Now that the European funding woes that recently cast doubt on ITER's future  have been resolved, Motojima has the challenge of getting the machine built on time and on budget. It won't be easy, as ITER's construction costs have soared to €16 billion in some estimates, and its start date has been pushed back to late 2019. ITER's governing council this week finally approved the project's Baseline , a document outlining its cost, schedule, and design. But it also placed a cap on the overall budget of the reactor to be built in Cadarache, France. "This is a very tough job," admits Motojima.
Yet the former director-general of Japan's National Institute for Fusion Science isn't taking long to make his mark. At a staff meeting yesterday, he announced plans to overhaul ITER's operations. A management review requested by ITER had criticized the project's governance earlier this year, and several senior managers have recently been replaced. Motojima apparently intends more changes. "Simplify everything—that is the only possible way to respond to the capping of the project," he says. One casualty of this streamlining will be Nobert Holtkamp, ITER's Principal Deputy Director-General (PDDG) and leader of the project's construction since 2006. An ITER spokesperson confirmed that Holtkamp would soon step down and the PDDG position would be eliminated. "We need to simplify the decision-making process," says Motojima.

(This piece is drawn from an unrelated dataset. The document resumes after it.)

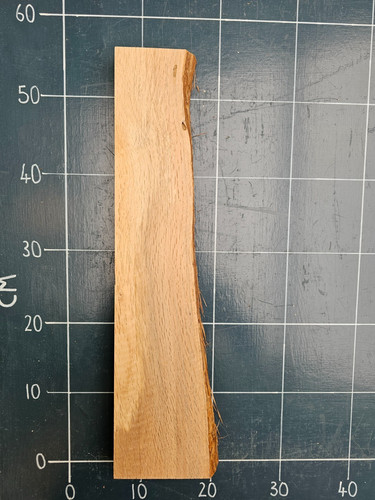 Kiln dried planed oak slab - kiln,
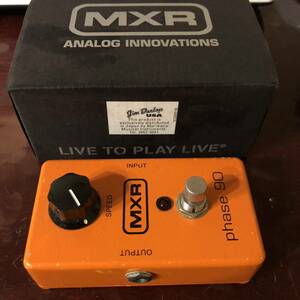 MXR Phase90 フェイザー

Even though the approval of ITER's Baseline is supposed to signify an end to major changes, Motojima will also request that the project's scientists and engineers seek new ways to simplify the fusion reactor's design and the integration of its many components, which are being built by the projects seven international partners—China, the European Union, India, Japan, the Republic of Korea, the Russian Federation, and the United States. Motojima says ITER council wants him to present cost-saving plans at a meeting in November. Any such changes won't mean that ITER will produce significantly less science, Motojima emphasizes: "I'm keeping the scope of ITER."
If anyone can pull that off, it may be Motojima, who is widely praised for his oversight of the construction of another fusion experiment, Japan's Large Helical Device. "He's a real machine-builder" and "also has a real directorial presence," says Steven Cowley, director of the Culham Centre for Fusion Energy in Abingdon, United Kingdom. Indeed, fusion scientists say that Motojima's appointment and the departure of former ITER Director-General Kaname Ikeda, a career diplomat with an engineering background, represents an acknowledgement that the project has moved on from securing funding to a phase dominated by construction.
Cowley, for one, is optimistic that the worst is over for ITER. "I was beginning to wonder if we were ever going to nail down cost and schedule. Europe had been dragging its feet." But ITER's key components are now being built, he notes, and industrial bids for other components are in line with cost predictions. "We're over this nasty hump. Yes, ITER is going to cost a lot of money, but we're going to do it."